Mission impossible

Author: 
Arab News Editorial 8 April 2002
Publication Date: 
Mon, 2002-04-08 03:00

US SECRETARY OF State Colin Powell began a Middle East salvage mission yesterday in which the stakes are very high. A brutal Israeli invasion of Palestinian self-rule areas, an all-out assault on the infrastructure and security forces of the Palestinian Authority, a humiliating and potentially murderous confinement of Yasser Arafat. What makes Powell’s mission all the more problematic is that all these situations have come about with the tacit approval of Washington.

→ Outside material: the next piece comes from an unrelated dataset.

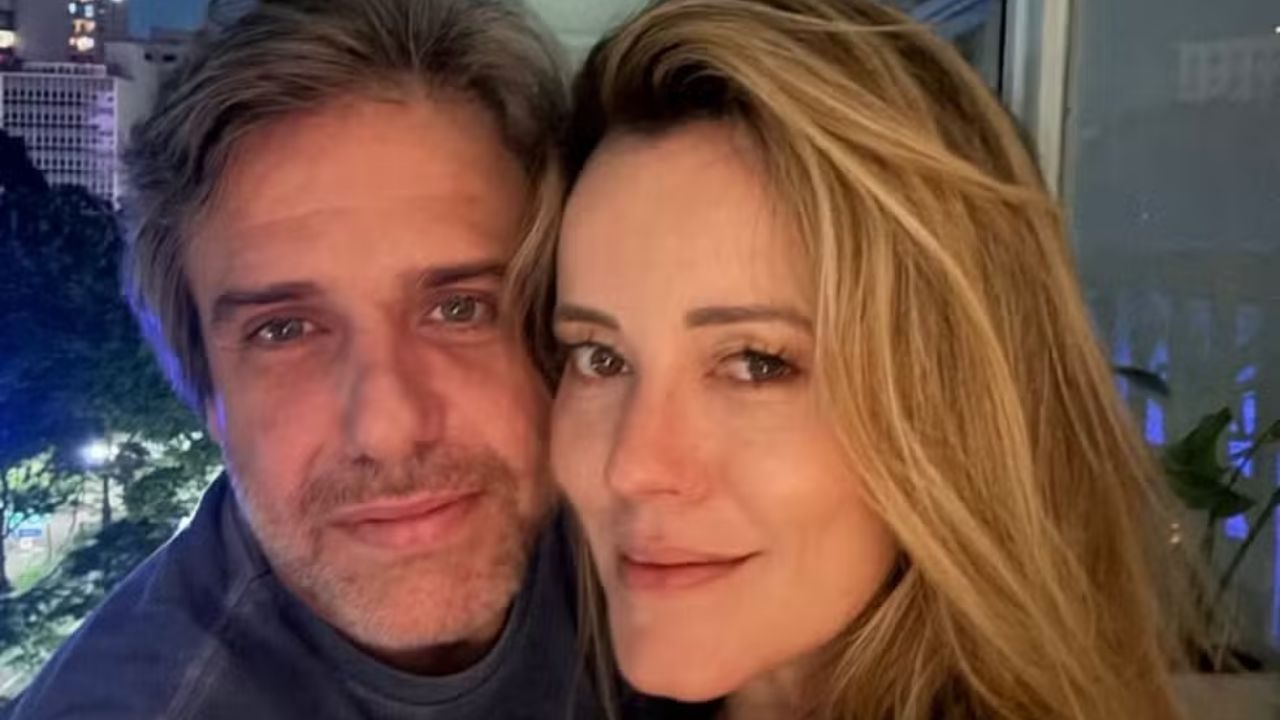 Casal posa junto para selfie em ambiente interno com cidade iluminada ao fundo durante a noite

President Bush has taken the simple view that Arafat is behind terrorism and Ariel Sharon is fighting terrorism. In his weekly radio address on Saturday, Bush perhaps muted his criticism of Arafat but insisted on challenging the right of Palestinians to fight the Israeli occupation. Palestinians are exercising their right to self-defense as an occupied people. The UN Charter enshrines this right.

Suicide bombings cannot be compared to the state terrorism carried out by the Israeli government. The former are individual acts of despair by a people who see no future and whose plight is made all the more bleak by Washington’s blank check to Sharon. The latter are cold and rational decisions of a state and a military apparatus of occupation, well equipped and financed and backed by the only superpower in the world.

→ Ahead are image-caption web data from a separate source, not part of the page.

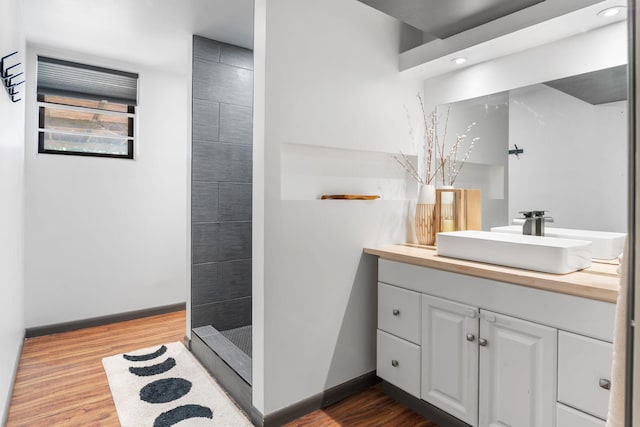 full bathroom featuring baseboards, a tile shower, recessed lighting, wood finished floors, and vanity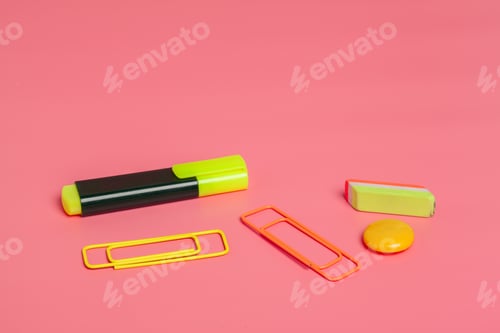 Preview: Bright stationary items on a pink background showcasing creativity and organization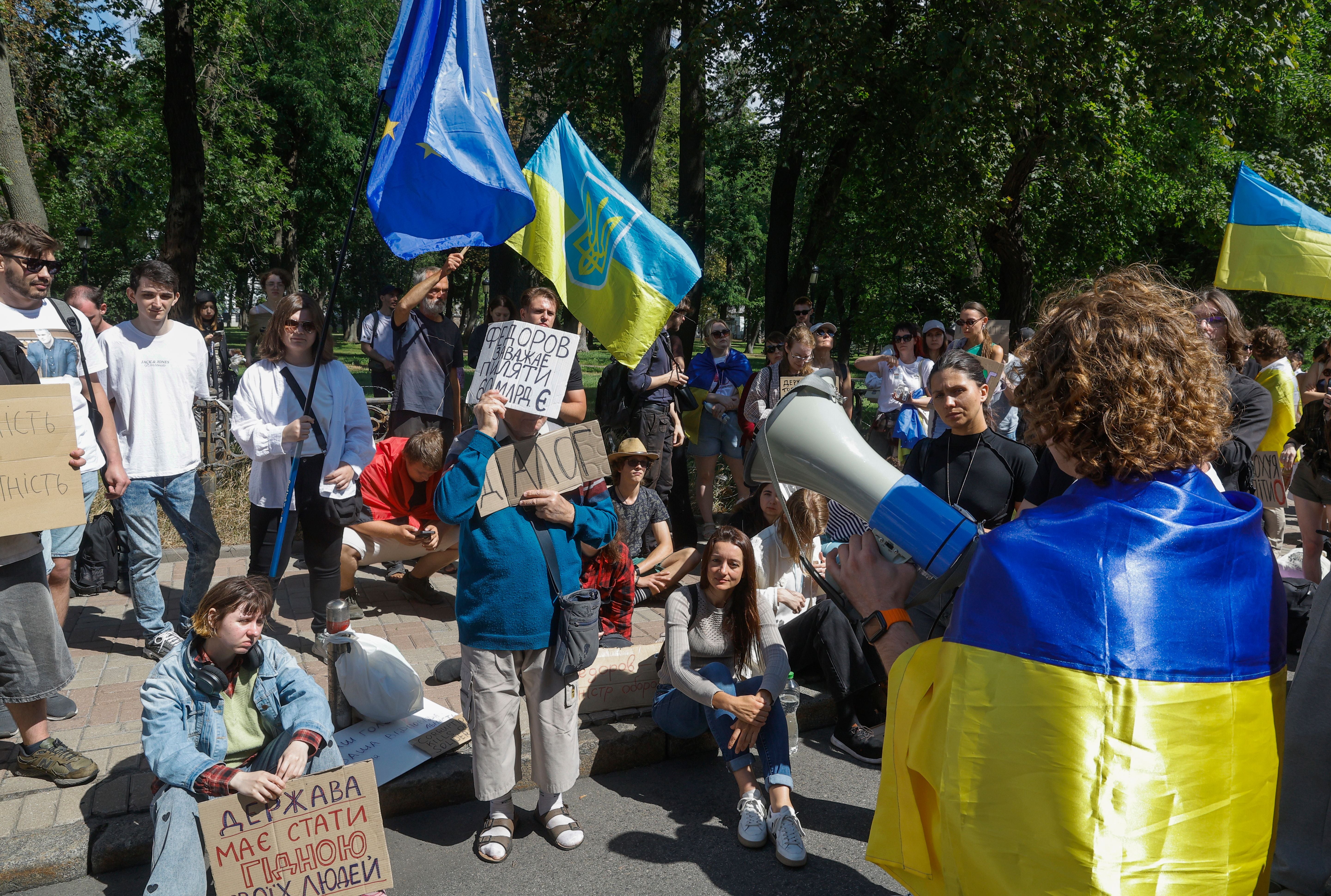 Menschen protestieren in Kiew mit Schildern und Fahnen gegen den Austausch des Verteidigungsministers.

Yet, in US eyes, state terrorism perpetrated by the Israeli government is legitimate self-defense, while Arafat, even while under house arrest, is ordered to rein in the “terrorists.” The Israelis, including Sharon, know that the enemy is not terrorism but the three million Palestinians living under occupation. And they will continue to be the enemy as long as Israelis pin their existence on the continuing usurpation of Palestinian land.

The aim of this latest Israeli incursion into Palestinian land and lives is not to root out terrorism but to raise the confrontation to such a level of harshness that the PA will have no choice but to surrender to the terms dictated by Israel.

But the Palestinians have demonstrated to have a backbone not even a combination of Bush and Sharon can break. Sharon came to power on a promise to finish off the uprising within 100 days. Hundreds of days have passed since, the uprising has not ended and the Israelis are no closer to peace and security than when Sharon took over. Sharon promised his people security with or without peace and the result has been unprecedented Israeli insecurity.

The Sharon government has failed on all levels: Prevention, deterrence and force. His policy of brutal repression has only fanned Palestinian resolve. The longer the siege continues the more the world rallies around Arafat and the Palestinians whatever be Sharon’s outrages and Bush’s outbursts. It is ironic that Arafat, trapped and surrounded by Israeli tanks, has never been more popular, while Sharon, with all the power of his military on show, is as discredited and isolated as ever.

Only the United States is backing the Israeli prime minister. Of course Bush on Saturday made a direct, personal request to Israel to withdraw without delay from the Palestinian cities it recently occupied. Sharon’s response has been on predictable lines.

The Israeli leader’s defiance in the face of a direct demand from Bush, delivered with British Prime Minister Tony Blair by his side, need not surprise anyone, for this is how errant children have always behaved toward indulgent fathers.

This means that, even though Powell is in the region, the momentum of the violence will prove hard to break. Either by mimicking Israel or at other times turning a blind eye to Israeli actions, Washington helped propel the situation to its present point of near anarchy. And by announcing before hand that he will not meet Arafat, the man Bush says needs to do “everything in his power to rein terrorists”, Powell has left no one in doubt as to who actually fashions Washington’s Middle East policy.